RE: The Last Movie You Watched
February 23, 2023 at 1:26 am
(This post was last modified: February 23, 2023 at 1:44 am by Anomalocaris.)
(February 20, 2023 at 5:40 pm)Gawdzilla Sama Wrote: Could be a comparison thing. "He's a shit ton better than Marcus Black Boardus."
BTW, the Roman navy didn't use slaves on their triremes. Too many extra mouths to feed, mouths that didn't fight. Rowing, on the infrequent times it was needed, was done by the combat troops, kept them fit.
Ben Hur’s depiction of convict and slave rowers chained to their benches reflect the much more recent practices aboard the war galleys of the christian and Islamic powers from the late Middle Ages to as late as early 19th century.
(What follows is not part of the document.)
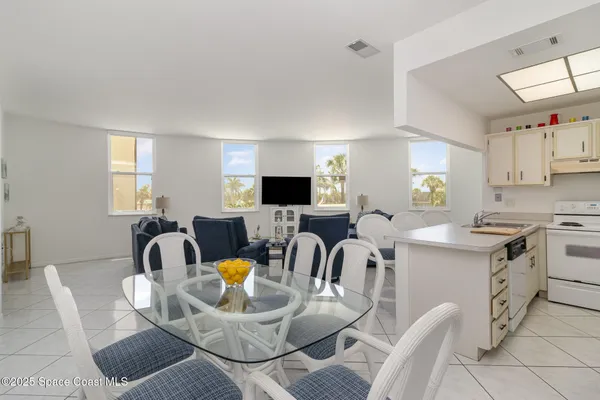 a kitchen with stainless steel appliances kitchen island granite countertop a sink a stove a dining table and chairs with wooden floor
It was much more a thing during the battle of Lepanto in 1571 AD than the battle of Actium in 31BC. The Roman navy relied largely on hired and paid professional rowers drawn from free men, ie non-citizen but non slaves, usually from the provinces outside Italy. They were certainly not chained to their benches.
Romans Soldiers usually didn’t row, if they were on ships they functioned either as cargo or occasionally as marines.
Slaves did row for the Roman navy on occasions to fill shortages of free rowers during emergency, such as during the Punic wars, and the war between Marc Antony and Octavian. But slave rowers were pressed for specific occassions and given their formal manumission afterwards, so they were unlikely to have to be chained to the benches like long serving Christian and Islamic slave rowers of late Middle Ages to 19th century Mediterranean.
It is ironic that a novel meant to be a panegyric for Christianity had to impune the Romans with brutalities commonly, recently, and enthusiastically practiced by the Christians, and to be fair Muslims, but seldomly ever by the Romans, in order to show how brutal the Roman world into which Christianity was born had been.